- YOUR OBJECTIVE: Apart from the pictures, write out all the records exactly.

- ENTRIES PROVIDED:
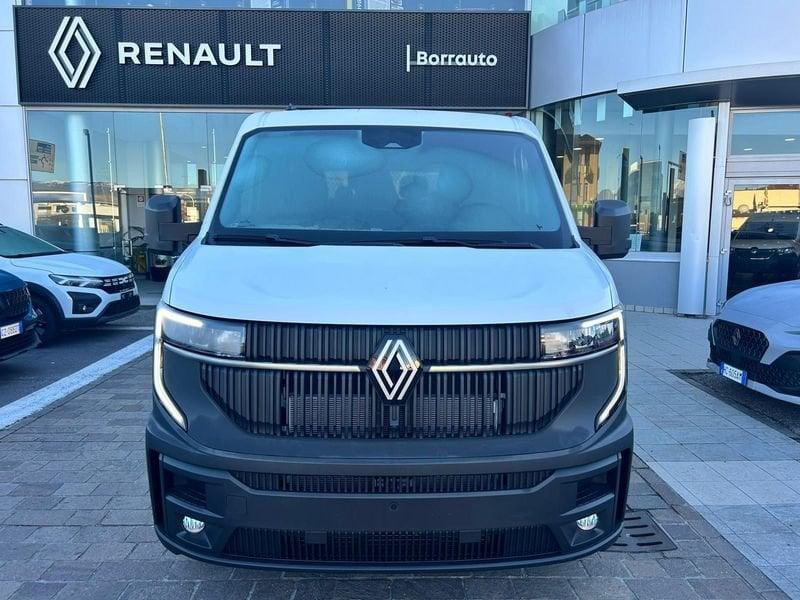 Renault Master Master DC T35 2.0 BluedCi 150CV EVIe PL Pianale Cabinato/ Doppia Cabina cassone fisso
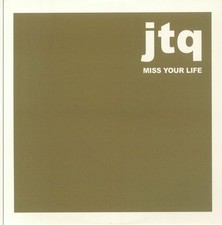JAMES TAYLOR QUARTET, The - Miss Your Life - limited olive green vinyl 7"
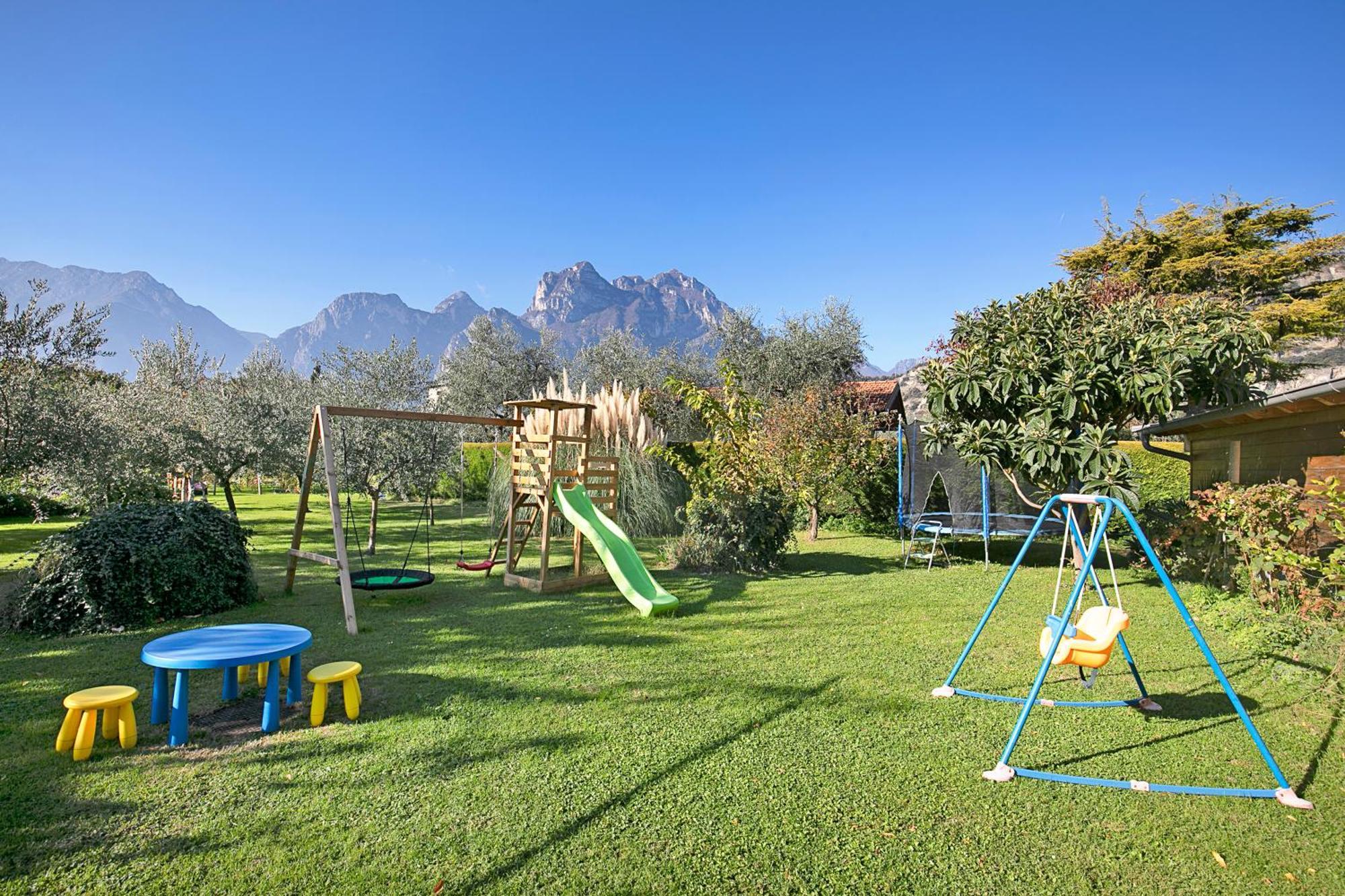 Bike & Wind Hotel Villa Maria Torbole Sul Garda Luaran gambar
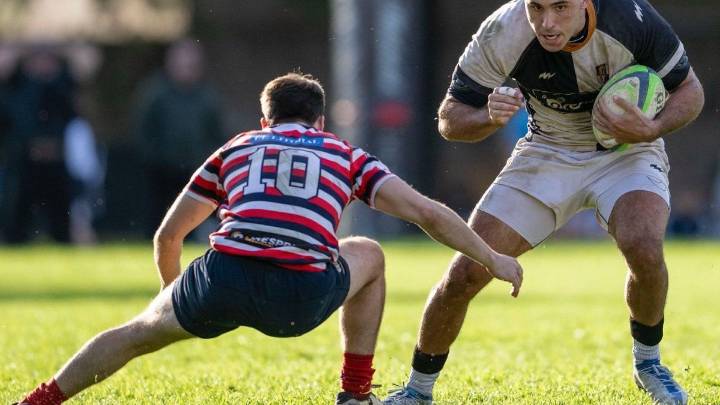 Try agónico y victoria: Estudiantes festejó en casa ante Santa Fe Rugby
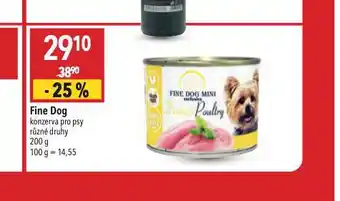 Globus Fine dog konzerva pro psy nabídka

- ANSWER TO THE PROBLEM:
 Renault Master Master DC T35 2.0 BluedCi 150CV EVIe PL Pianale Cabinato/ Doppia Cabina cassone fisso
JAMES TAYLOR QUARTET, The - Miss Your Life - limited olive green vinyl 7"
 Bike & Wind Hotel Villa Maria Torbole Sul Garda Luaran gambar
 Try agónico y victoria: Estudiantes festejó en casa ante Santa Fe Rugby
 Globus Fine dog konzerva pro psy nabídka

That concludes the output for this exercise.